● YOUR INSTRUCTIONS
Copy out, unchanged, every line from the start of the records to the line that contains "A multi-story building", and stop there.

● MATERIAL SUPPLIED
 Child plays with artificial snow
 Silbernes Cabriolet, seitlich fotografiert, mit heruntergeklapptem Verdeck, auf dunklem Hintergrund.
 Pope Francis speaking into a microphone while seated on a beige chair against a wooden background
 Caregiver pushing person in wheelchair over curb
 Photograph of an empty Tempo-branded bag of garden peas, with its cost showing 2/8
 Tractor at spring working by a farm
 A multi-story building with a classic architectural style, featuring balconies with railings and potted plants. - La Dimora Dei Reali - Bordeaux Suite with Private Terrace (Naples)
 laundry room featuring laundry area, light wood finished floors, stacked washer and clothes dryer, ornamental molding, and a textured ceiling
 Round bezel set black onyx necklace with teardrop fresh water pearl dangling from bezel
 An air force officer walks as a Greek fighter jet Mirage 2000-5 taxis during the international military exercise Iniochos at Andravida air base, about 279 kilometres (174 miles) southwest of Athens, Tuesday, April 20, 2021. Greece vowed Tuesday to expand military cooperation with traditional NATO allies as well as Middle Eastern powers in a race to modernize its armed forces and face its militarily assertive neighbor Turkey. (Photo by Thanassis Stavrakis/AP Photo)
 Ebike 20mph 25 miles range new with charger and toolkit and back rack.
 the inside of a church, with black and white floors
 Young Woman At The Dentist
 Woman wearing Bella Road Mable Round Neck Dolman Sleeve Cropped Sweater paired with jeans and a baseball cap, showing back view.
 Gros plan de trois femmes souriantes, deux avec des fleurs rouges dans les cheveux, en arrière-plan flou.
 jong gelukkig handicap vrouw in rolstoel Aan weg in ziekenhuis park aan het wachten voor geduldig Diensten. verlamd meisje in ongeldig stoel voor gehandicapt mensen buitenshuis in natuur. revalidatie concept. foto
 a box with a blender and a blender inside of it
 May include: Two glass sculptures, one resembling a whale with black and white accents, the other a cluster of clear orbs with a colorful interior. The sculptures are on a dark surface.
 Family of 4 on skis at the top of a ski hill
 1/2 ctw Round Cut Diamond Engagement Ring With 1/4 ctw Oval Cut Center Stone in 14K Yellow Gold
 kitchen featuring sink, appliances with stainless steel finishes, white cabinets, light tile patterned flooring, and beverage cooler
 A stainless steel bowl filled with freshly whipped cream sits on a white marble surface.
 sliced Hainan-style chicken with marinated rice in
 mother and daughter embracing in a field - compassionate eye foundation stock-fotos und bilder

● SOLUTION FOR THIS EXERCISE
 Child plays with artificial snow
 Silbernes Cabriolet, seitlich fotografiert, mit heruntergeklapptem Verdeck, auf dunklem Hintergrund.
 Pope Francis speaking into a microphone while seated on a beige chair against a wooden background
 Caregiver pushing person in wheelchair over curb
 Photograph of an empty Tempo-branded bag of garden peas, with its cost showing 2/8
 Tractor at spring working by a farm
 A multi-story building with a classic architectural style, featuring balconies with railings and potted plants. - La Dimora Dei Reali - Bordeaux Suite with Private Terrace (Naples)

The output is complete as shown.